The sandwiches Mother and I ate that night kept us going until morning, when we went to meet my sisters at Wright and Ferguson Funeral Home to make my father’s final arrangements. It sounds like a simple thing, and it was: meat and bread. But it was also concern and sympathy and love. And for two sad women—on that particular night, in that particular kitchen—it might as well have been manna from heaven.
After my father’s burial, family and friends gathered at a cousin’s house not far from St. Peter’s Cemetery in Oxford. There was pink cake and fried chicken, biscuits and smoked meats, congealed salad with mayonnaise on top. Stuffed eggs with and without paprika. Sweet tea served in etched glasses that had touched generations of my family’s lips.
I circled the dining room table like a woman who had been starved for days.
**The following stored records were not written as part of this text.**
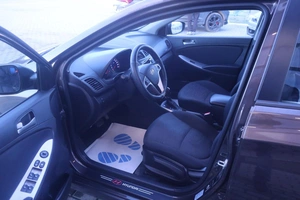 Хэтчбек Hyundai Solaris 2015 года, 1130000 рублей, Мирное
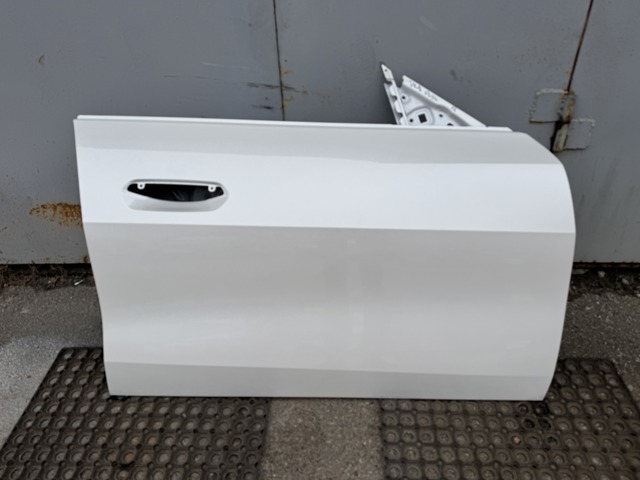 Пассажирская передняя дверь 41009625096 BMW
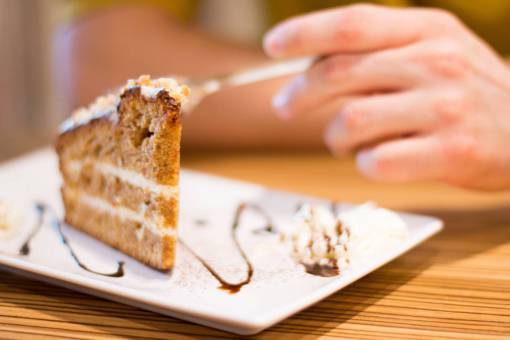 pastel pastel postre dulces comida plato tenedor manos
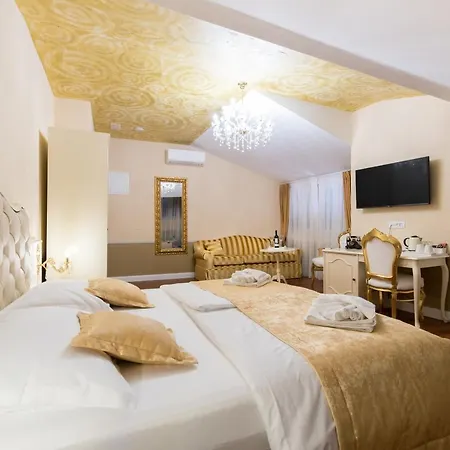 Square Heritage 4*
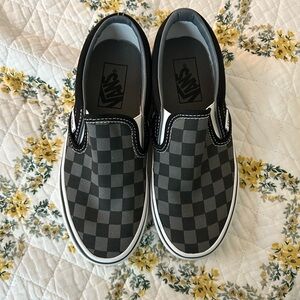 NEW Vans Kids Black and Gray Checkered Slip-On Sneakers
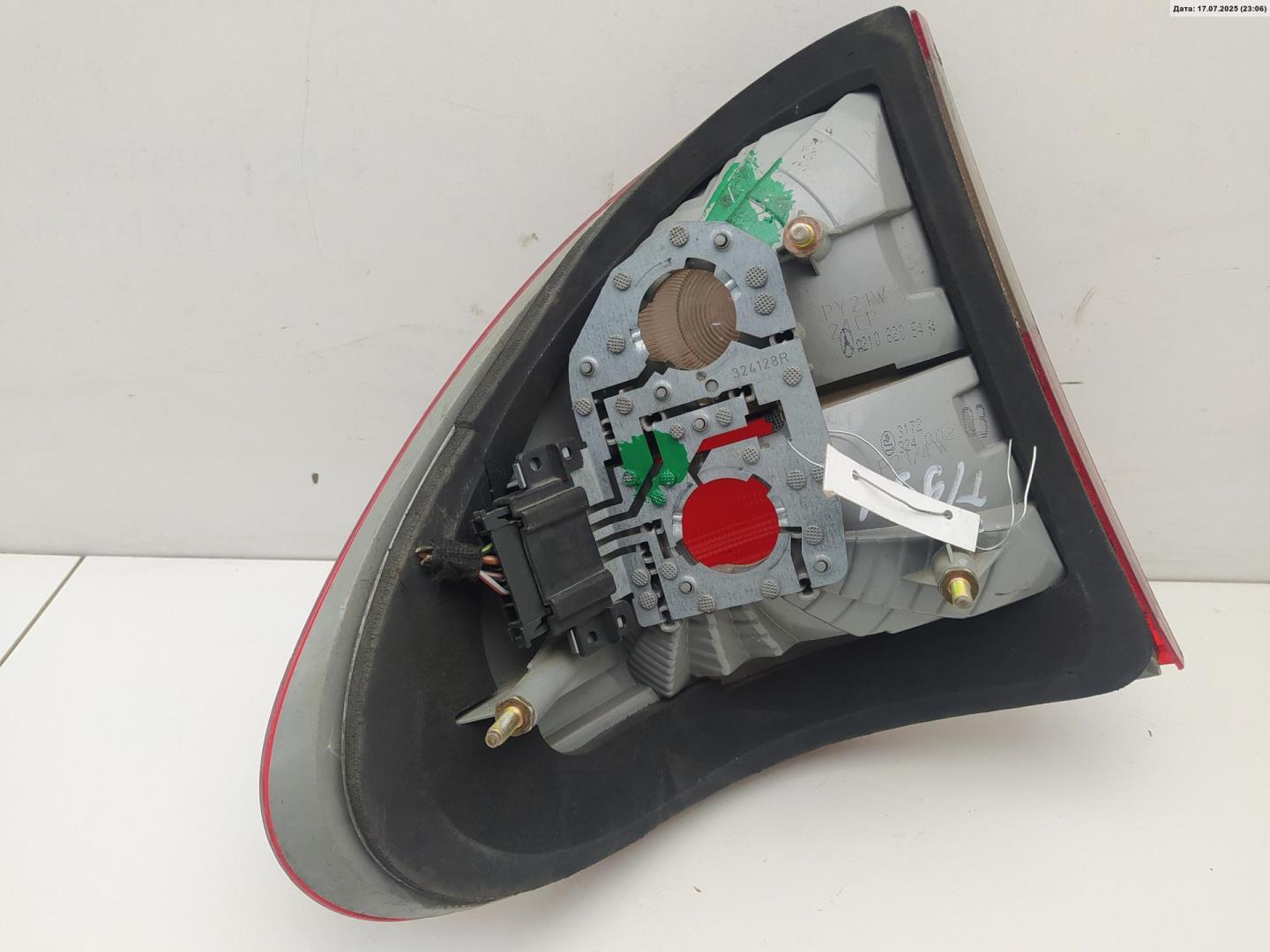 Фонарь задний правый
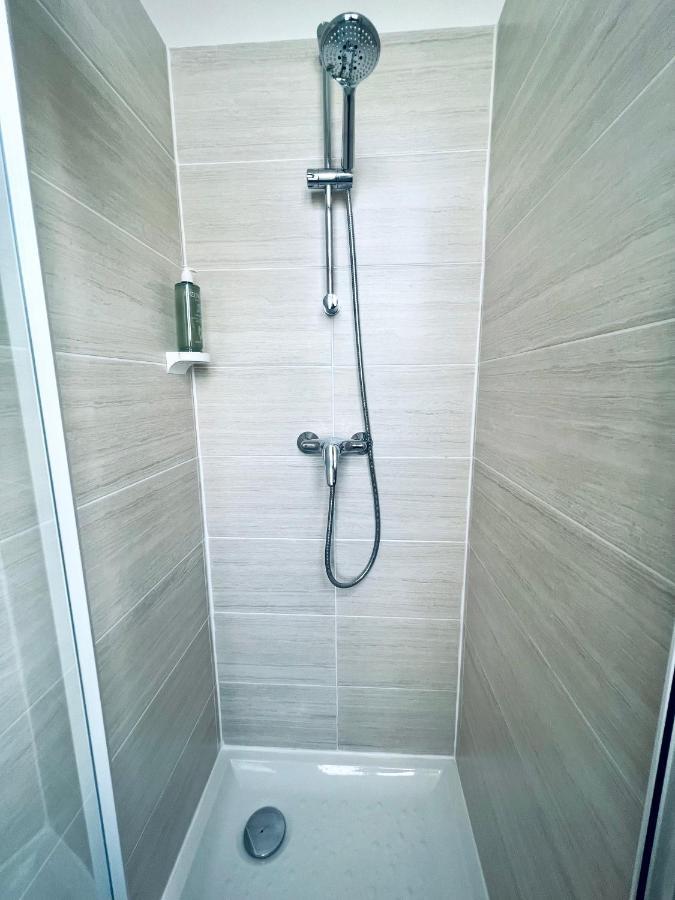 "Le Charleville", Superbe Appartement, Gare De Nevers, Service Premium By Primo C0Nciergerie Bagian luar foto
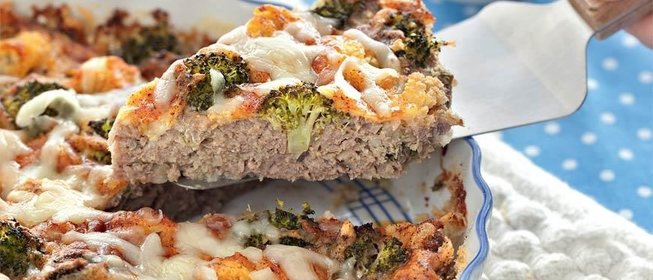 Мясная запеканка с брокколи и цветной капустой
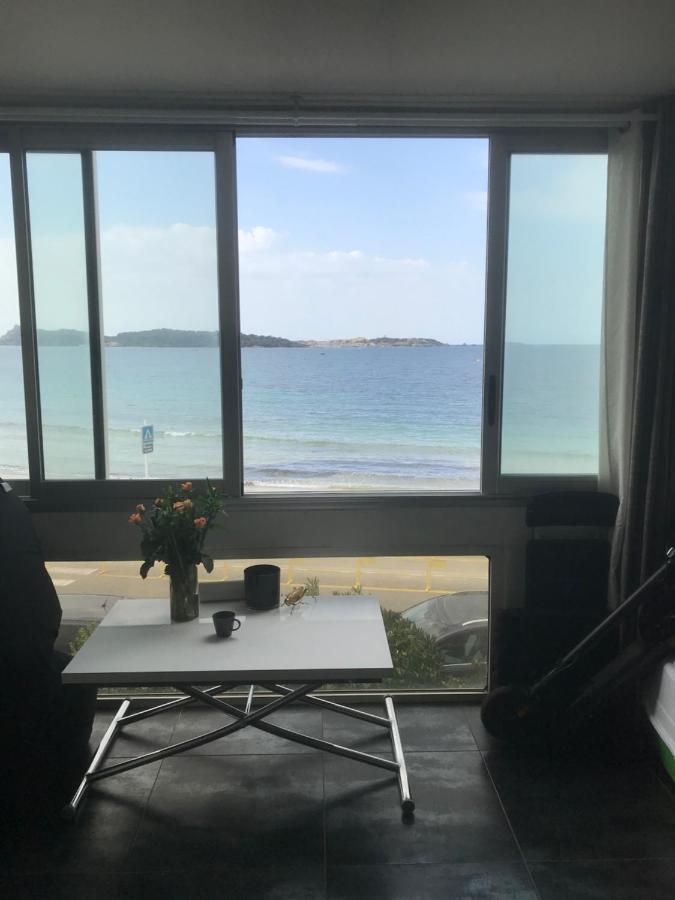 Appartement T2 les pieds dans l eau Vue Mer à Six-Fours-les-Plages Extérieur photo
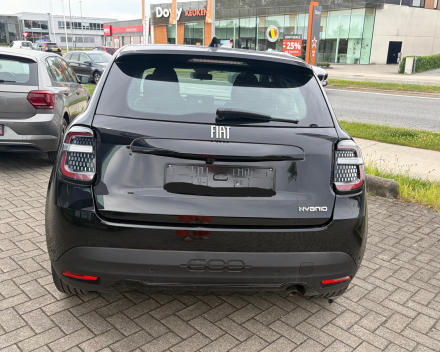 FIAT 600 1.2 HYBRID DCT - € 21.200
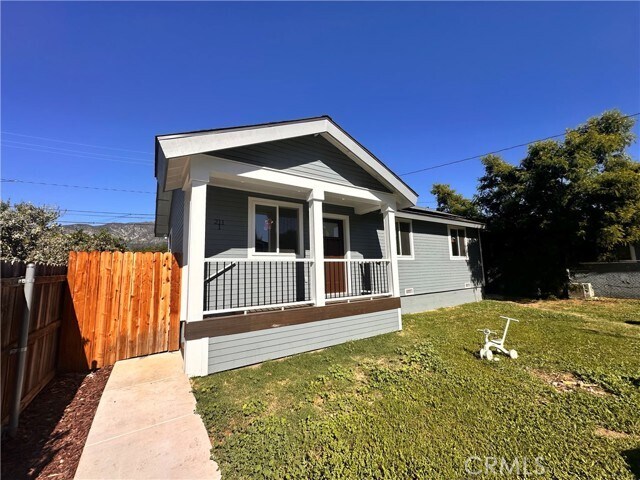 Foto del edificio - 211 E Walnut Ave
As I put yet another forkful of food into my mouth, I began to feel guilty about my gluttony. How could I eat so much when my precious father was dead? But the food served a twofold purpose. It nourished my physical body, which had been drained by the unexpected death and drawn-out days of funeralizing. And sharing the food with my kinfolk, who had lovingly prepared the smorgasbord, replenished my spirits as well.
In the trying months after my father’s death, there were days, of course, when Mother and I could not eat a bite because we were too busy crying and remembering. But on those occasions when we were hungry, craving food but also connection, we had only to open the door to the extra freezer in the laundry room. Nestled on the frost-covered wire shelves, in all their aluminum-foiled glory, were sausage and wild rice, pork loin, and gumbo. Yeast rolls and cheese bread and cakes. The knowledge that someone had cared enough to prepare food for us warmed our hearts as we heated the dishes according to the directions on the index cards taped to the containers. These gifts—which is what we considered them to be— strengthened Mother and me when we thought we might not survive our loss. Lonely nights were made more tolerable through such tangible offerings of comfort, because at least we did not have to worry about feeding ourselves. We had enough to contend with as we tried to imagine our lives without the man who had been the center of our family’s universe.
It’s now been a decade since I lost my father, the first love of my life, and I can still remember, in a few instances at least, who brought which food to our home. In some ways, those Pyrex dishes and cookie sheets continue to sustain me today. Because long after the food has been consumed, the memories remain.